- Born: Theodore "Oral" Tevan 1 March 1933 Kingston, Ontario, Canada
- Died: 12 August 2011 (aged 78) Montreal, Quebec, Canada
- Career
- Show: Sports Rap
- Station: CFOX
- Show: Various series
- Station(s): CKO, CFMB, CIQC, CKGM
- Country: Canada

= Ted Tevan =

Theodore "Ted" Tevan (1 March 1933 - 12 August 2011) was a Canadian sports radio broadcaster.

Born in Kingston, Ontario, Tevan moved to Montreal in 1965 initially working in radio advertising. His career remained based in that city except for a short-lived sports talk show on the Toronto-based CKO in early 1989, and from then until 1991 at CKWW in Windsor, Ontario.

His first radio program was Sports Rap on Montreal's 1470 CFOX radio station, considered a key pioneering effort towards the development of sports radio in Canada. Tevan established a reputation as a radio maverick, often verbally jousting with his listeners and, in some cases, kicking them off the air with a jubilant "You're gone!"

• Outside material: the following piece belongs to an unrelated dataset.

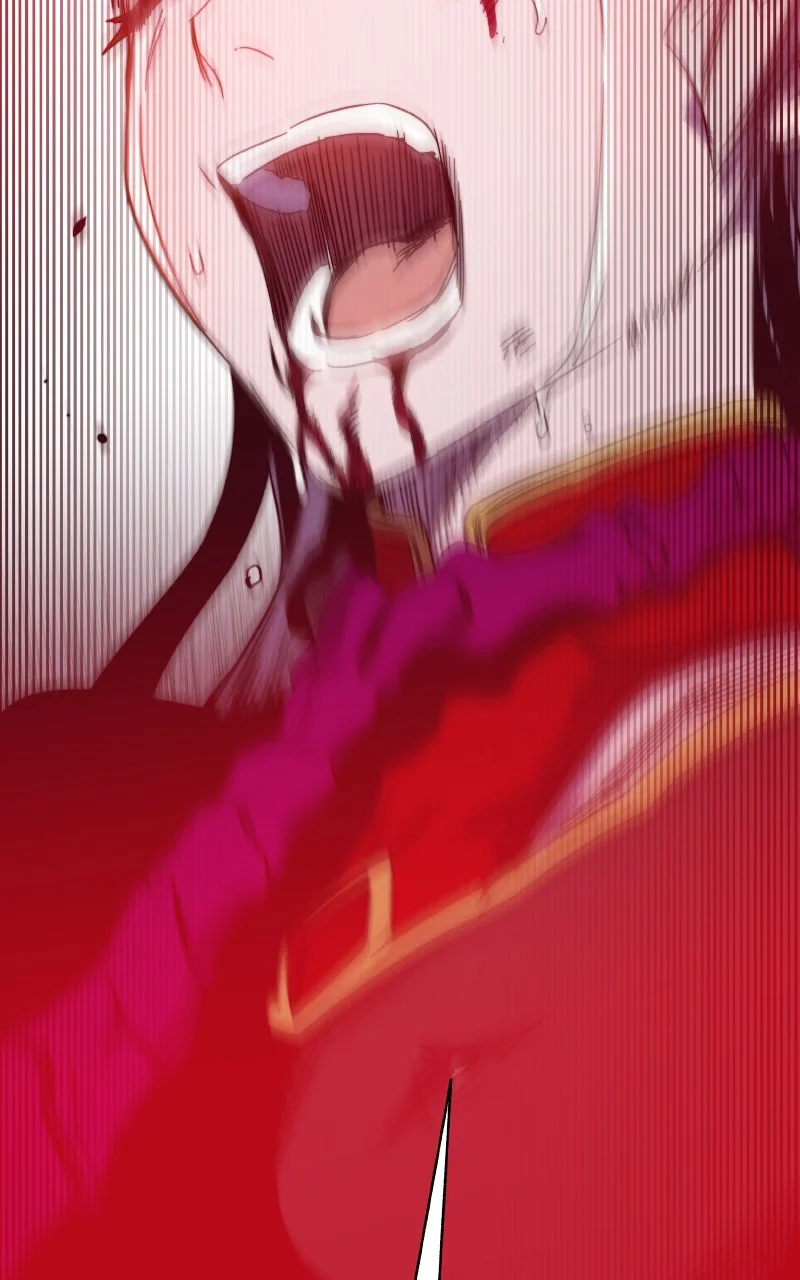 Chapter Image 38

Outside his broadcasting career, Tevan served as a defence witness in 2001 during the incest trial of boxing champion Dave Hilton, Jr.

In January 2000, Tevan began a late night Tuesdays and Thursdays on CFMB 1280 shortly after his previous show on AM 940 (then CIQC) was cancelled due to a format change. He previously hosted shows on the 600 frequency when it was known as CFCF (CFMB).

Tevan hosted a late night sports programme on The Team 990.

On 11 August 2011, Tevan fell at his residence in Notre-Dame-de-Grâce, fracturing his hip. The following day, he died from heart failure after an operation to repair the hip. A tribute on Team 990 was planned for the following Tuesday.